» **WHAT TO PRODUCE**
Make an exact copy of the records, dropping all pictures.

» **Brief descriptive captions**
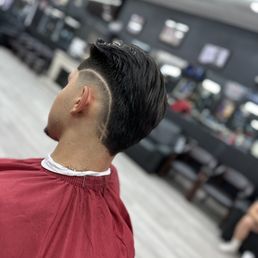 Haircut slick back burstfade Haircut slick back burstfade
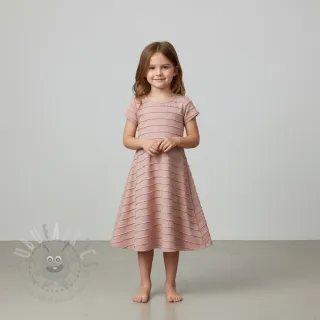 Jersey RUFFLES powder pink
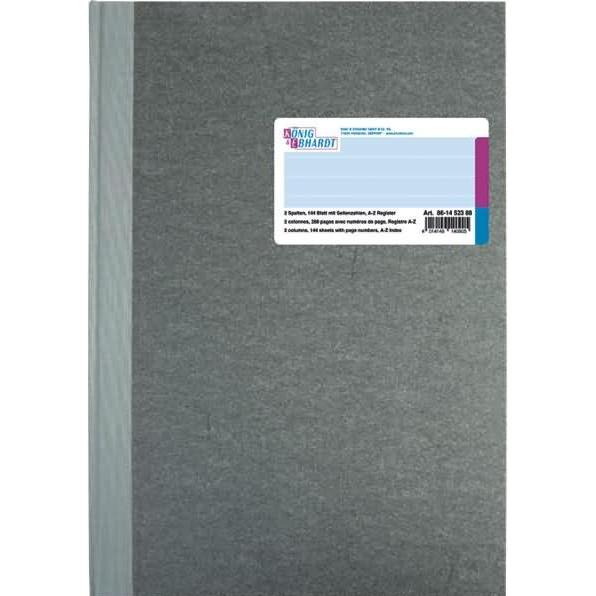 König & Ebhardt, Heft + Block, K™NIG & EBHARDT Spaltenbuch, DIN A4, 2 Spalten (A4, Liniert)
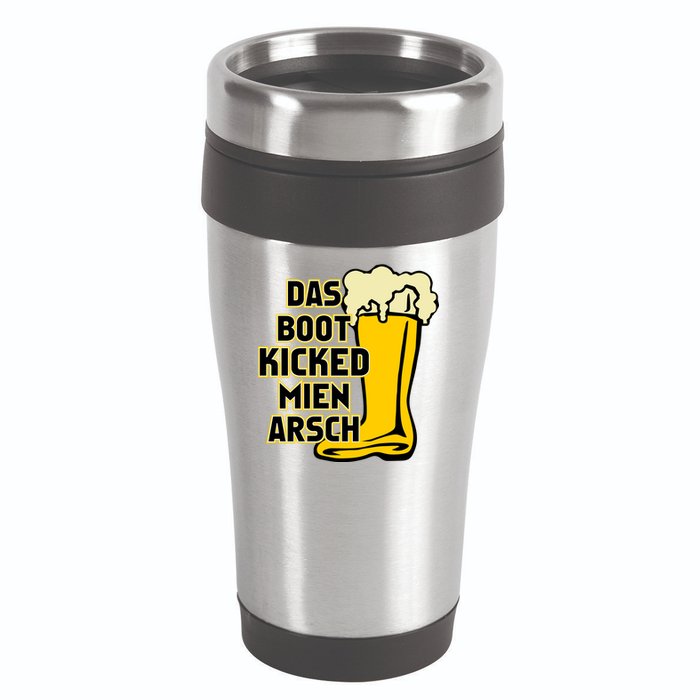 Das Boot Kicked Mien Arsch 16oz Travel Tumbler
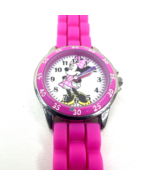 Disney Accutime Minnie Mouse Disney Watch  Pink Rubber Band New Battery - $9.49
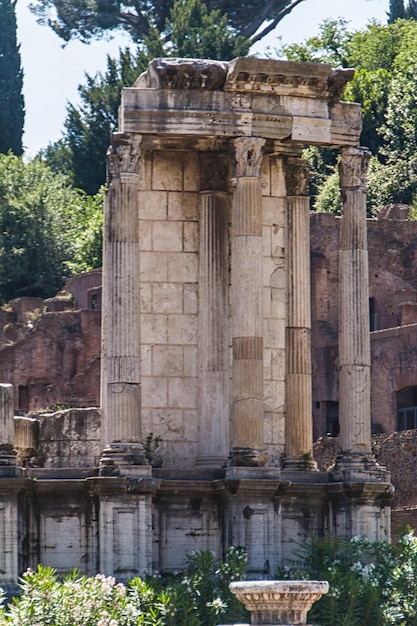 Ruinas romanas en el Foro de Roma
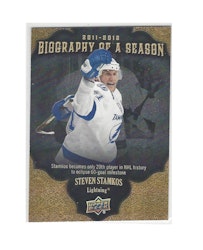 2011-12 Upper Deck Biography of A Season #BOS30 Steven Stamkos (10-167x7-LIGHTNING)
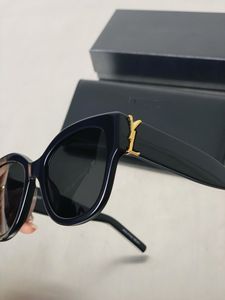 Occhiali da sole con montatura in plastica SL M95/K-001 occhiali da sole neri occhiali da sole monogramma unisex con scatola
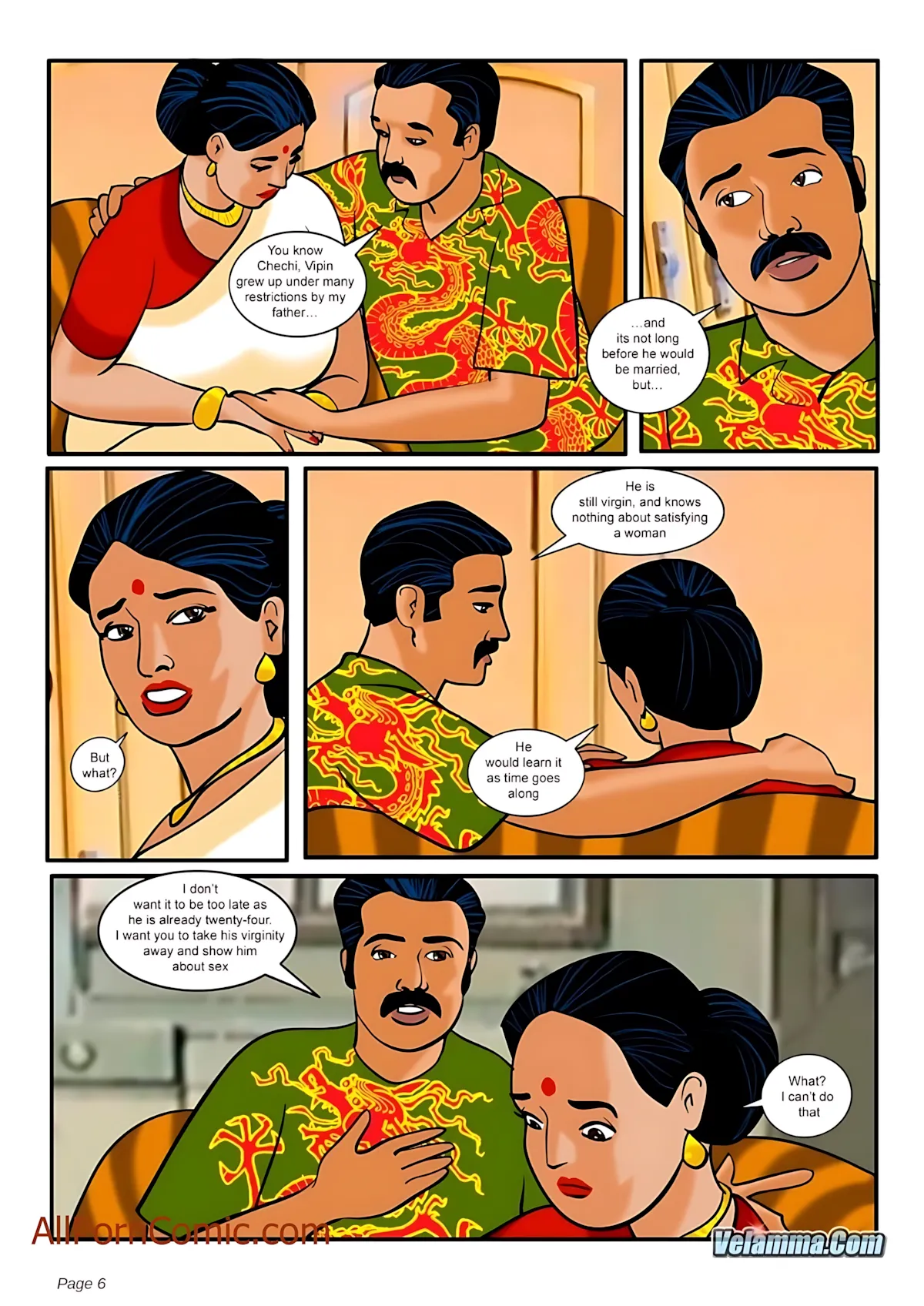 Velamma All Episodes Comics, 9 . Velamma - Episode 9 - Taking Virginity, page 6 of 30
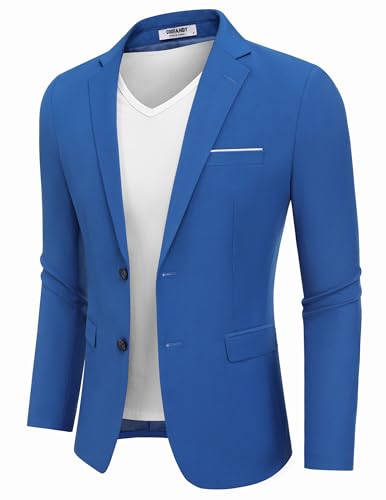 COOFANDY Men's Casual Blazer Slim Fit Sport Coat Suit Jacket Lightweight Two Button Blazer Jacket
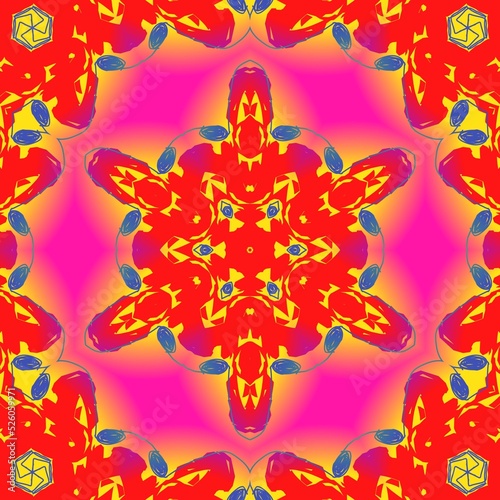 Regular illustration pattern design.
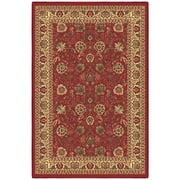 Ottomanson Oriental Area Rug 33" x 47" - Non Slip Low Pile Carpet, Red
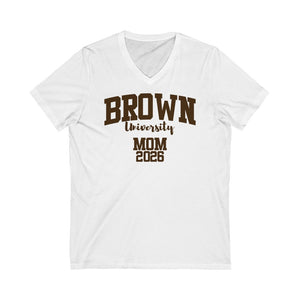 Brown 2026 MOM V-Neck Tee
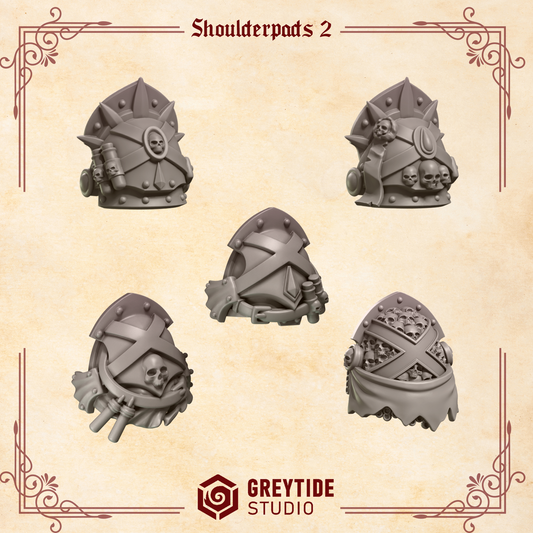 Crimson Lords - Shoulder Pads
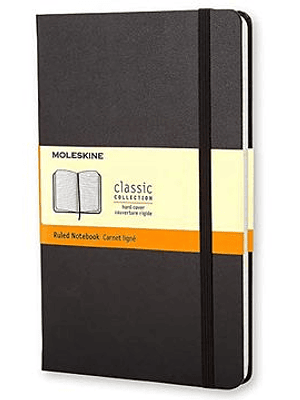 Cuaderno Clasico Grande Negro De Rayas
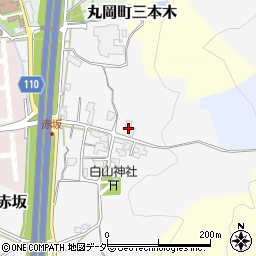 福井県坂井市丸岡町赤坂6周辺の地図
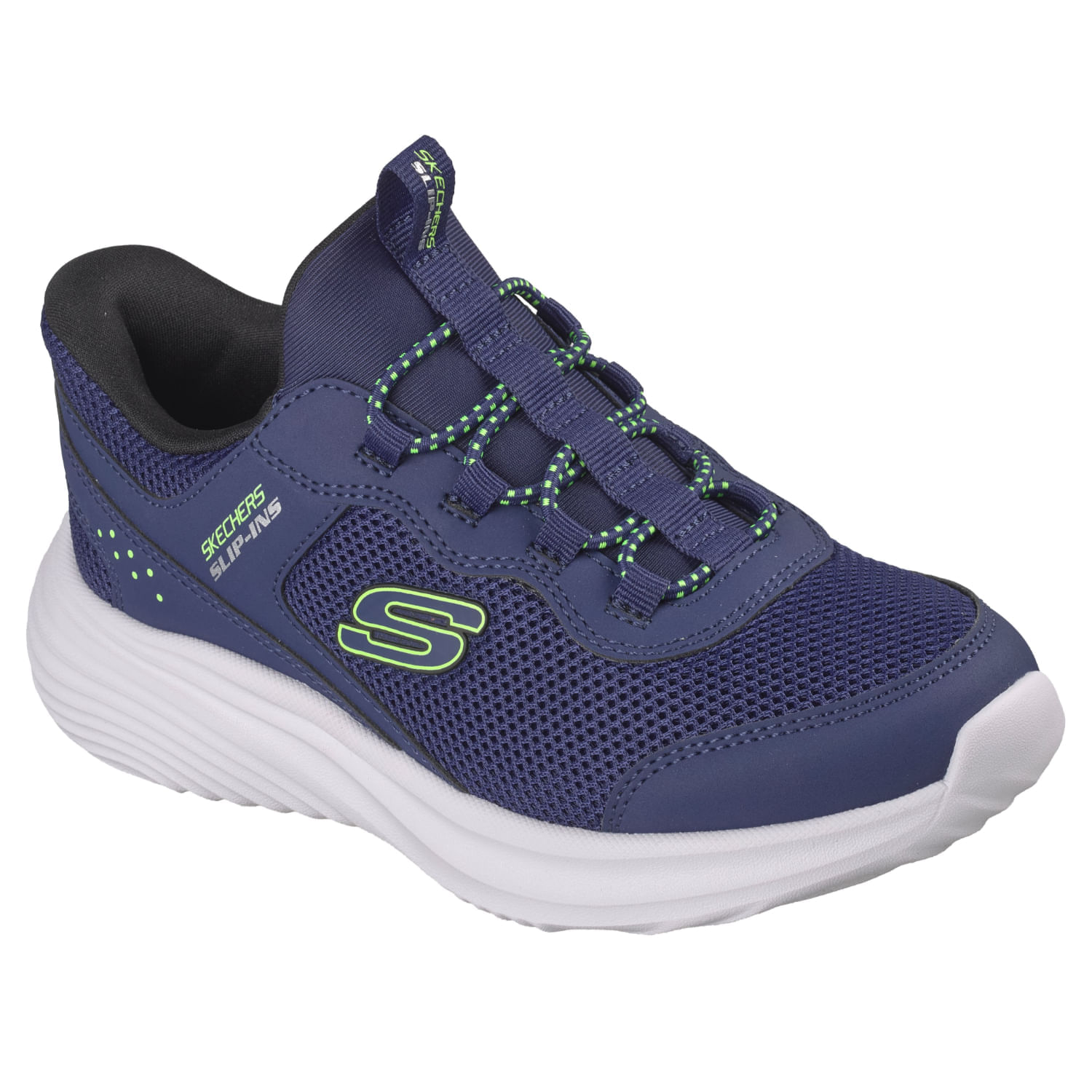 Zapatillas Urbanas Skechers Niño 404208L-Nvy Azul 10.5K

» **SOLUTION**
 Haircut slick back burstfade Haircut slick back burstfade
 Jersey RUFFLES powder pink
 König & Ebhardt, Heft + Block, K™NIG & EBHARDT Spaltenbuch, DIN A4, 2 Spalten (A4, Liniert)
 Das Boot Kicked Mien Arsch 16oz Travel Tumbler
 Disney Accutime Minnie Mouse Disney Watch  Pink Rubber Band New Battery - $9.49
 Ruinas romanas en el Foro de Roma
 2011-12 Upper Deck Biography of A Season #BOS30 Steven Stamkos (10-167x7-LIGHTNING)
 Occhiali da sole con montatura in plastica SL M95/K-001 occhiali da sole neri occhiali da sole monogramma unisex con scatola
 Velamma All Episodes Comics, 9 . Velamma - Episode 9 - Taking Virginity, page 6 of 30
 COOFANDY Men's Casual Blazer Slim Fit Sport Coat Suit Jacket Lightweight Two Button Blazer Jacket
 Regular illustration pattern design.
 Ottomanson Oriental Area Rug 33" x 47" - Non Slip Low Pile Carpet, Red
 Brown 2026 MOM V-Neck Tee
 Crimson Lords - Shoulder Pads
 Cuaderno Clasico Grande Negro De Rayas
 福井県坂井市丸岡町赤坂6周辺の地図
 Zapatillas Urbanas Skechers Niño 404208L-Nvy Azul 10.5K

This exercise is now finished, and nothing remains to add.